# Anyone do pysanky eggs? I have a duck egg question



## xoxoGOATSxoxo

I've been doing it about 4 years. I've always bought store-chicken eggs to do it on, because they are bleached nice and white and we like to eat the homegrown ones anyway. 

But one of my friends ducks laid two huge double yolkers, and she gave them to me to decorate. 

I've never done pysanky on our duck eggs, but I did one of the doulbe yolkers the other day.

Normally, if I want a lighter dye color, I run the egg under cold water for a second to lighten the dye. I was doing this egg in just shades of green, so I ran it under water and ALL the dye washed off when I rubbed it with my finger! It had just coated the egg, instead of soaking into the shell. 

The egg turned out okay, but does anyone know if this is a common thing with duck eggs? Or would it happen with any homegrown egg? I had washed it, but did not dip it in vingegar before starting to dye, because I figured that it wouldnt have the coat of chemicals that the store bought eggs do. Was this the mistake?

Anyone know? Thanks!


----------



## Wisconsin Ann

Homegrown chicken eggs decorate and dye up beautifully.(in fact, the brown eggs give you great intense easter egg colors!) I've never tried a duck egg, but they do have a sort of waxy coating on them which you may have to wipe off first....the vinegar would be a slight acid wash,which might give thedye a better "grip"...


----------



## Wisconsin Ann

don't know if you saw the post in poultry, but the responses have been you need to remove the waxy coating on duck eggs. A soft scrubby with warm water, or a "little bleach in warm water" and the eggs will take dye beautifully.


----------



## xoxoGOATSxoxo

Okay, cool. This next egg I am doing I scrubbed with a washcloth and warm water, so we'll see how it goes. I haven't applied any dye yet, just wax. 

Thanks! 

Oh, Im using analine dyes, dont know if that makes a difference?


----------



## ELOCN

I thought the vinegar is what sets the color.


----------



## xoxoGOATSxoxo

Well, all the dyes but orange have vinegar in them, but most of the time I dip the egg in straight vinegar too because it makes the colors brighter for some reason. :shrug:

Orange is a mystery, though. It is also the only color that will cover the green dye.


----------



## Sanza

Please post some pictures !
I hope the duck egg is holding the dye now for you.
I've done pysanky for years but never did a duck egg. I know a vinegar wash will take off the bloom on chicken eggs so the dye takes better. I usually hold the egg in a paper towel that was moistened with vinegar so I don't get the oil from my hands on the egg.
I've done an ostrich egg and sanded it lightly first and then painted it with acrylics. In the foreground is a Christmas tree ornament that was blown out.


----------



## ELOCN

Sanza, those eggs are astounding! Did you decorate all of them? They're so beautiful.


----------



## Wisconsin Ann

What ELOCN said! Those are lovely  

Vinegar in the dye does act as a mordant..it will set the dye AND usually makes it more intense.

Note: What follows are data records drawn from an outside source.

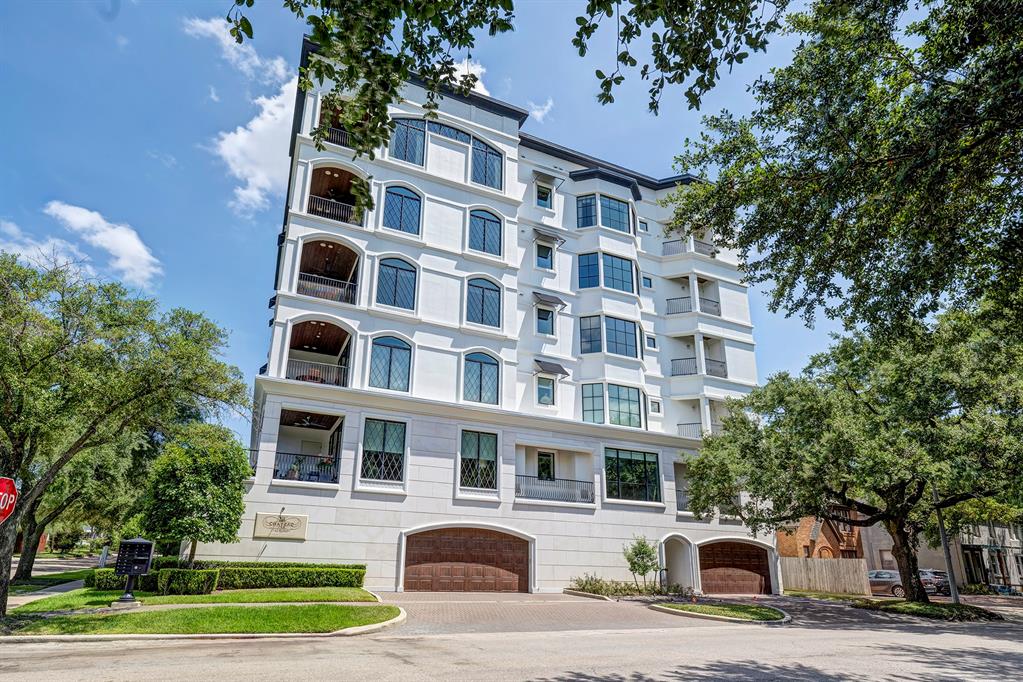 1742 Sunset Boulevard # 602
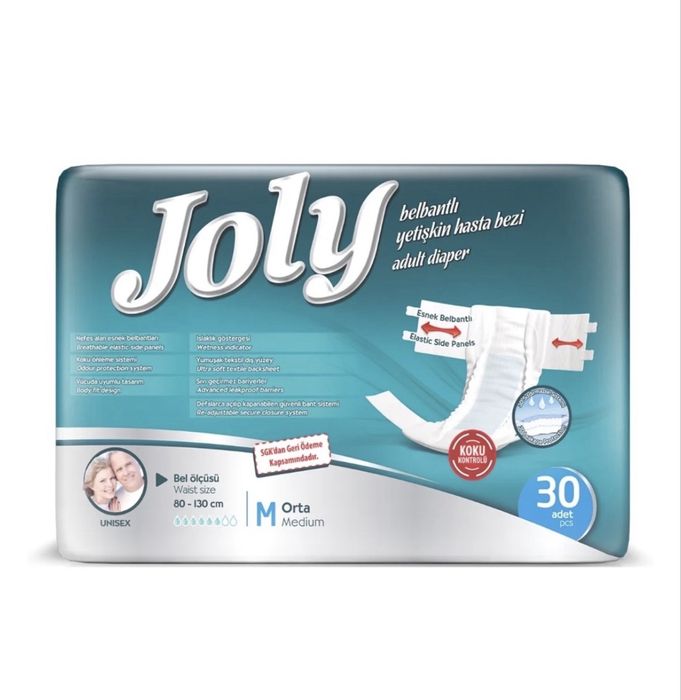 Взрослые памперсы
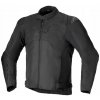 Textilná motocyklová bunda Alpinestars T-SP-1 v2 čierna XL Textilná motocyklová bunda Alpinestars T-SP-1 v2 čierna XL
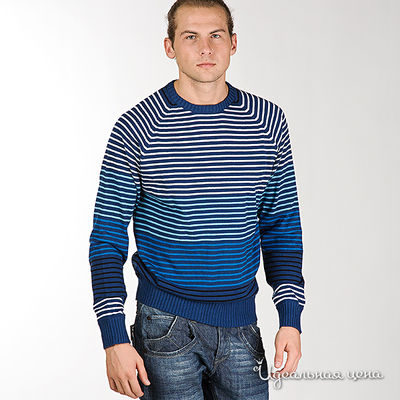 Пуловер frank q, цвет Нет данных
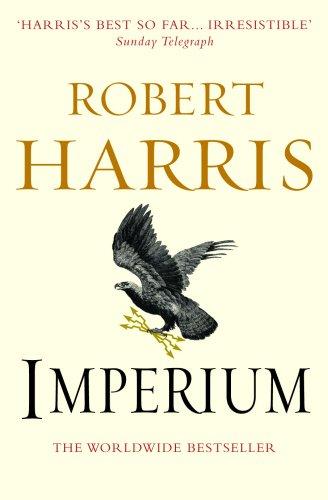 Book Imperium free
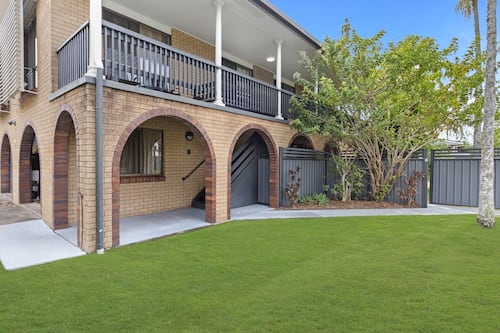 Apartment | Exterior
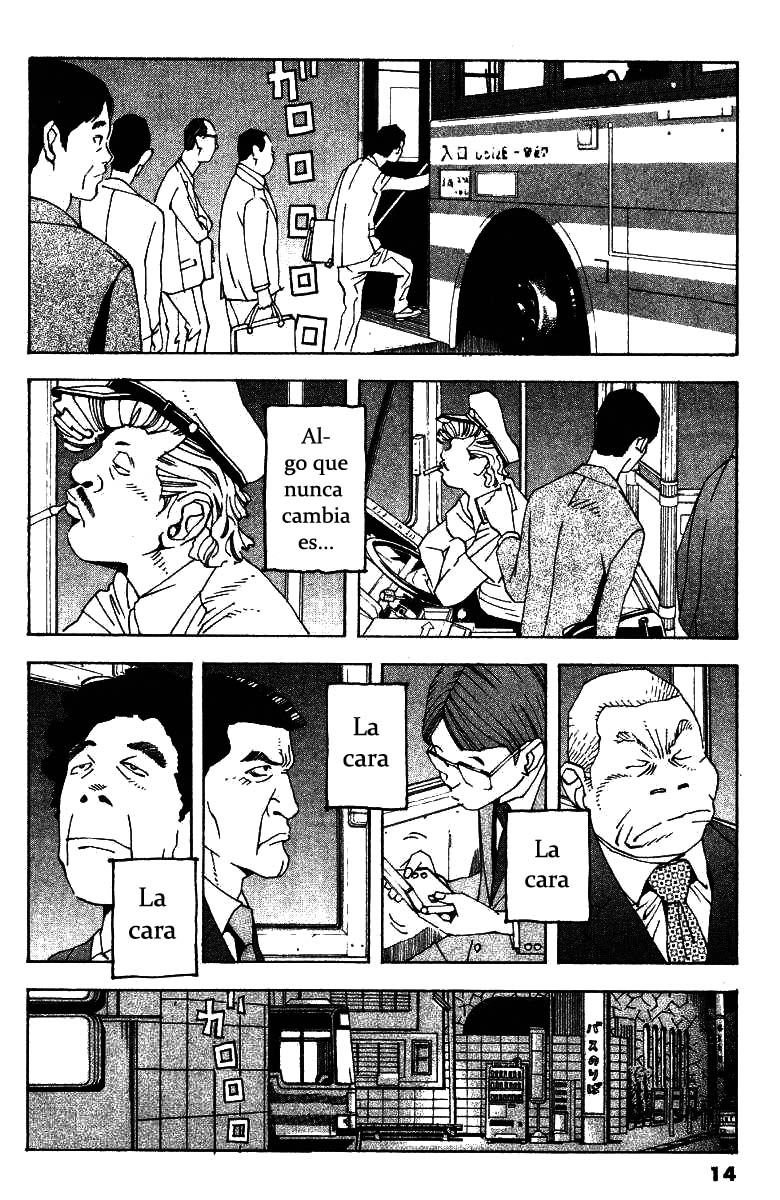 Fly, Daddy, Fly Cry Bay Cry 第12页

Vinegar on the bare egg should work as a light acid etch...removing a small amount of the oxidation on the egg. hmm....I wonder....since an eggshell is porous, the vinegar might well do both mordant and etch with one dip. just thinking outloud...


----------



## Lauriebelle

Those eggs are stunning!!! I have always wanted to learn to do this...did you take a class or are there other resources available?


----------



## jersey girl

WOW those are cool! I want to learn to do this!
Joanie


----------



## beaglebiz

beautiful job!!
my grandma used to make these, she came from Poland


----------



## Sanza

Thank you all for the kind words. I'm Ukrainian, and learnt by watching as I was growing up and I'm now in my 50's. I want to apologise for posting such a big picture...I thought I had it smaller and I didn't mean to hijack the origional post.
All you need is a stylus and wax and some easter egg dyes to get started. You can make up your own patterns if you like or get books on the authentic psanky patterns. 
Goats -how is this egg coming along? Please post a picture.


----------



## Wisconsin Ann

I've been watching some of the videos on Youtube and other instructable type sites about the psanky eggs...holy cow .... I don't think I have the patience or a steady enough hand to do those lines! I can do batik on fabric, but man....such lovely detailing on the eggs...


----------



## xoxoGOATSxoxo

I'm sorry, I havent checked the craft forum in a while! 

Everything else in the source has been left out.